PCAP is a team of scientists, businesspeople, and politicians intent on jumpstarting Obama’s climate change policy by providing him with an outline that details exactly how to take the nation from an era powered by fossil fuels and an ethic of dominating nature to one powered by renewable resources that embraces stewardship.
“You can’t back away from problems like peak oil and climate change,” says PCAP Executive Director Bill Becker, a former newspaperman who helped build the nation’s first “solar village” in Wisconsin. “These issues won’t wait for us to get our house in order.”
In a 17-page document available online, PCAP suggests the president take action like establishing goals to reduce greenhouse gas emissions, setting up a carbon trading system and convening a panel of governors and mayors to coordinate a climate change response that involves all three levels of government. In the past few years, without federal leadership on climate change, state and local governments have picked up the slack. “Their action has been a silver lining,” said Becker.
PCAP’s advice runs beyond the bounds of what is typically advocated by climate change groups. The project calls for a weatherization assistance program to help low-income families insulate their homes better and lower energy bills and urges congress to support a Global Warming Wildlife Survival Act which would aim to conserve species and habitats most impacted by climate change.

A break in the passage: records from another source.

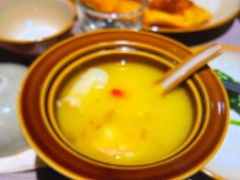 -青年公社烤鸭(姚家园万象汇店)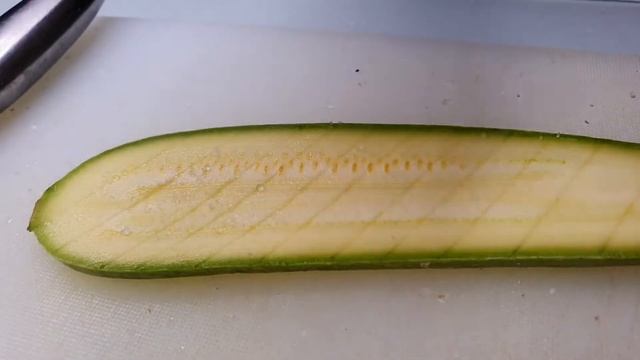 Блюдо на гриле/Куриное филе  и овощи гриль/Матнакаш гриль/Вкуснее всех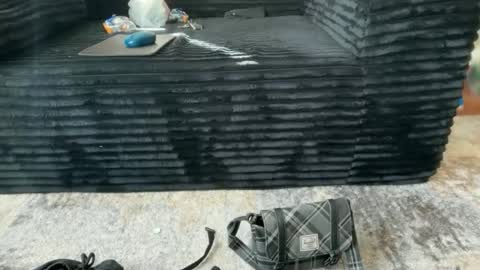 lucky_bme online show from 29, 5, 2026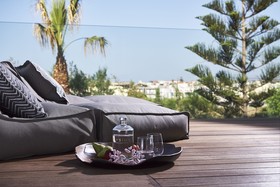 NEMA Design Hotel & Spa
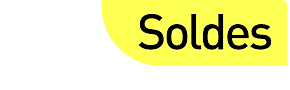 product tag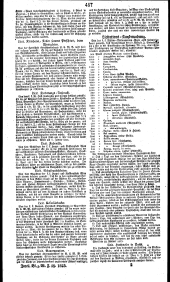 Wiener Zeitung 18230312 Seite: 9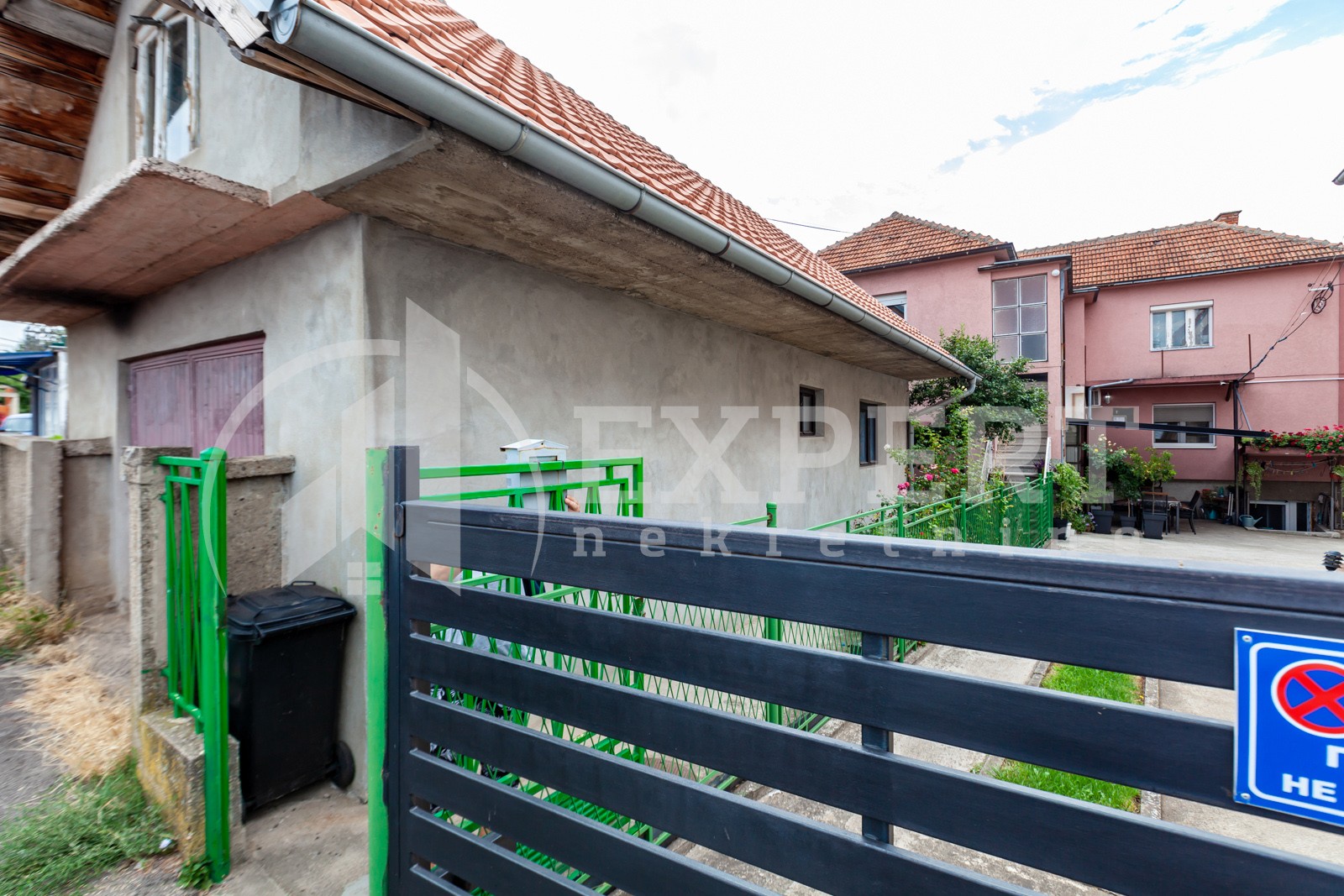 četvorosobna kuća, 200 m2, Crveni krst, Pribojska ID: p-012091 16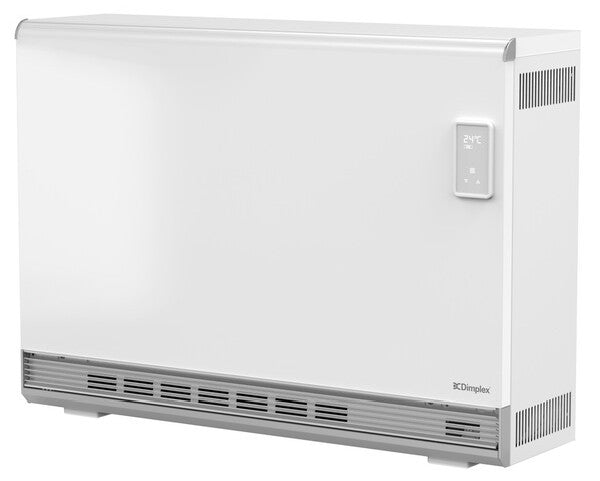 Dimplex Wärmespeicher VFE 20 K 2KW Quantum Kompakt-Design – Dimplex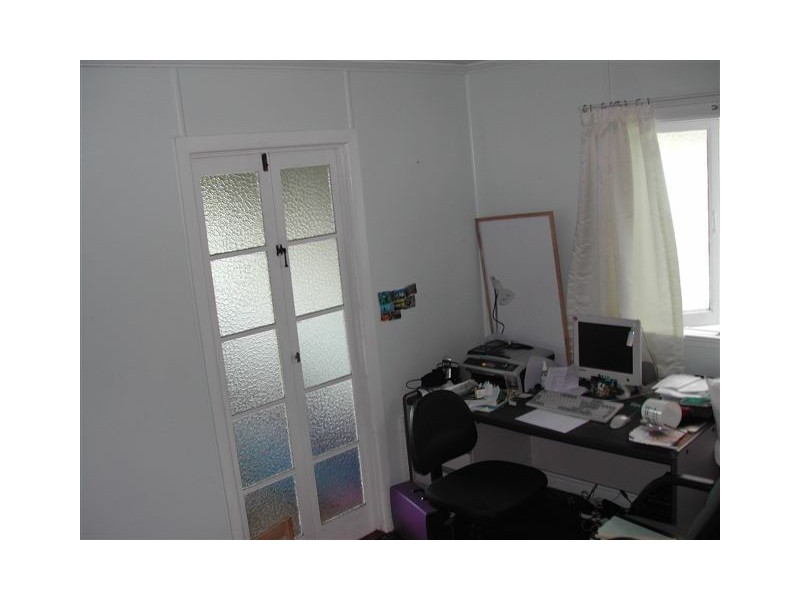 44 Mcilwraith Avenue, Norman Park QLD 4170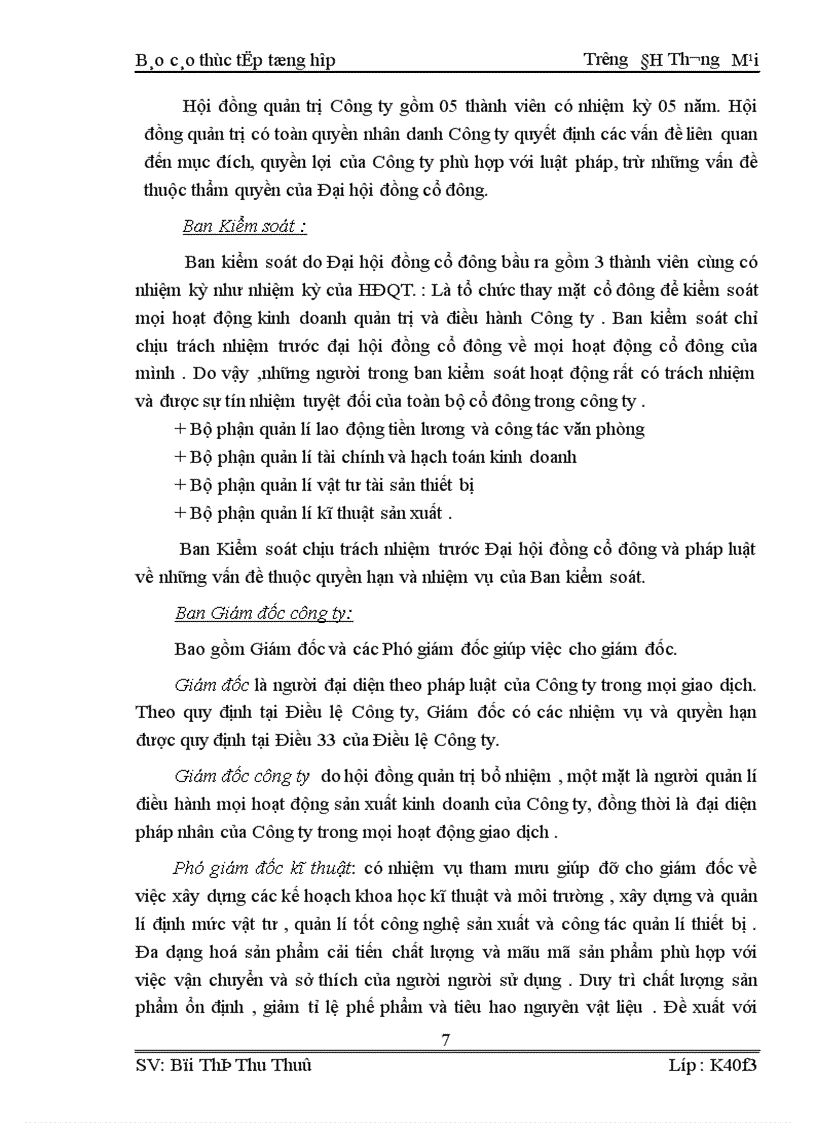 image for page quản trị nhân lực của công ty 1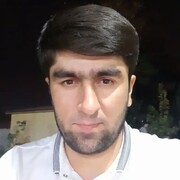  ,   , 35 ,   ,   ,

Other PCAP suggestions include directing federal agencies to inventory resources and ecosystem services, declaring the atmosphere a public commons owned by all and creating new federal institutions like an Earth Systems Sciences Agency or a Department of Oceans.
“The time for these notions has come,” said Becker. “Species are disappearing, forests are disappearing and farmland and freshwater are being degraded. We can’t call this the tenth on a list of priorities; these are things we must do right now.”
And just how closely is Obama listening to PCAP?
“President Obama will be philosophically quite different than the Bush administration,” Becker said. “I think there is a lot of promise that the federal government is finally going to get off their butts and tackle these problems.”